Though adopting a U.S. strategy that expands the partnership with Vietnam runs the risk of appearing to China to be a "containment policy," the United States should emphasize that it is not seeking to contain China's growing power throughout Asia, as evidenced by the United States limiting its defense cooperation with Vietnam to naval cooperation. More specifically, the United States should take the following steps:
- Strengthen ASEAN's mediation capabilities. When a diplomat from a country other than Vietnam takes over as ASEAN secretary-general in 2018, ASEAN may be able to play a role as mediator between China and Vietnam. Vietnam, one of the newer members of ASEAN, values its membership in the regional organization and strives to be seen as a country that pays heed to ASEAN's leadership. The United States should encourage mediation by ASEAN's secretary-general and help strengthen the ASEAN secretariat's capacity for conflict mediation. The United States should offer between $2 million and $4 million annually in aid designated to help the Institute for Peace and Reconciliation hire more staff and send them to learn techniques from other countries that have mediated conflicts in Southeast Asia, such as Norway.

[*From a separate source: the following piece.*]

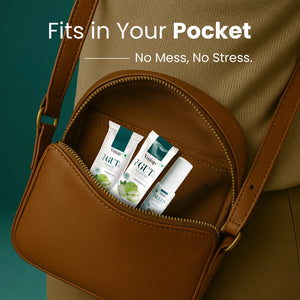 Brown crossbody bag pocket holding two Yugap YGute apple probiotic sachets and one Yugap Sleep spray sachet, illustrating portable, no-mess, convenient wellness products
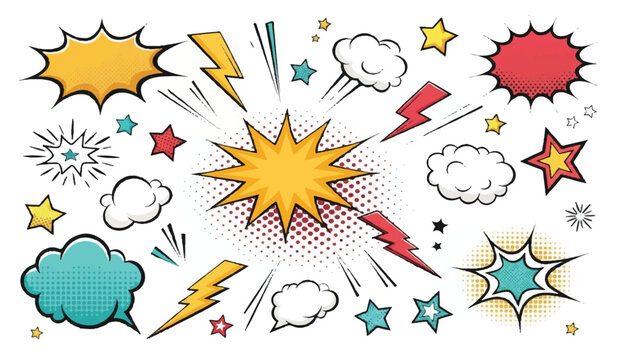 Set of comic book style speech bubbles stars lightning bolts for graphic design pop art explosion lightning illustration abstract creative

- Encourage China and Vietnam to move forward on their MOU for resolving maritime disputes. The United States should encourage both sides to resume negotiations toward agreed-upon rules for handling China-Vietnam maritime disputes.
- Make a South China Sea code of conduct a priority of U.S. diplomacy. U.S. officials, including President Barack Obama, should use visits to East Asia to demonstrate U.S. support for regular China-ASEAN negotiations on a South China Sea code of conduct. The U.S. ambassador to ASEAN should make a unified ASEAN position on a code of conduct a top priority of her mission.

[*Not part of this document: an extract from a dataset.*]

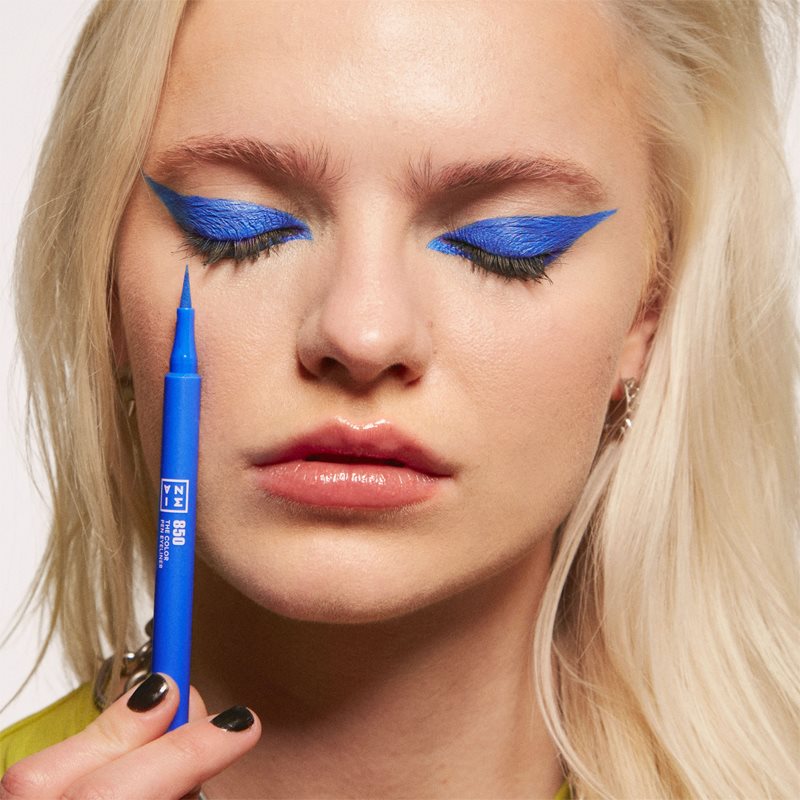 3INA The Color Pen Eyeliner підводка для очей у формі фломастера відтінок 850 - Blue 1 мл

- Clarify U.S. positions on defending partners in the South China Sea. The United States should use public statements to more clearly define the U.S. commitment to defending Philippine forces in disputed areas if they come under unprovoked attack.
- Expand the U.S.-Vietnam defense relationship. The United States should work to expand access for American naval vessels at Cam Ranh Bay and increase the number of training programs for senior Vietnamese officers, in preparation for U.S.-Vietnam naval exercises in the future. Boosting training could be accomplished by doubling the number of Vietnamese enrolled in United States' International Military Education and Training programs by 2020 and by inviting more senior Vietnamese officers to observe the annual Cobra Gold multinational Asian exercises held in Thailand. The United States should also increase lethal arms sales to Vietnam, although these sales should be limited to naval and air assets. The Obama administration could set up an interagency working group to approve the first year or two years of arms sales to Vietnam, monitoring the sales to make sure that the weapons are not being used against Vietnamese civilians.
- Bolster relationships with other Southeast Asian partners. The United States should strengthen deterrence in the South China Sea by formalizing and expanding the already close U.S. relationships with Singapore and the Philippines. The United States should build on the 2014 ten-year Enhanced Defense Cooperation Act signed between Washington and Manila by increasing the size of the annual U.S.-Philippines Balikatan joint exercises from around eleven thousand participants to as many as twenty thousand by 2020 and by improving the interoperability of forces. With Singapore, the United States should, in secret, approach the Singaporean government about the possibility of signing a formal treaty alliance.
- Signal to Hanoi that the United States is not prepared to extend cooperation to a land border conflict. The United States should signal to Hanoi that closer U.S.-Vietnam strategic cooperation will not include a U.S. defense of Vietnam's land border—unless Vietnam is attacked, unprovoked—by limiting future U.S.-Vietnam joint exercises to naval exercises and air exercises in the South China Sea.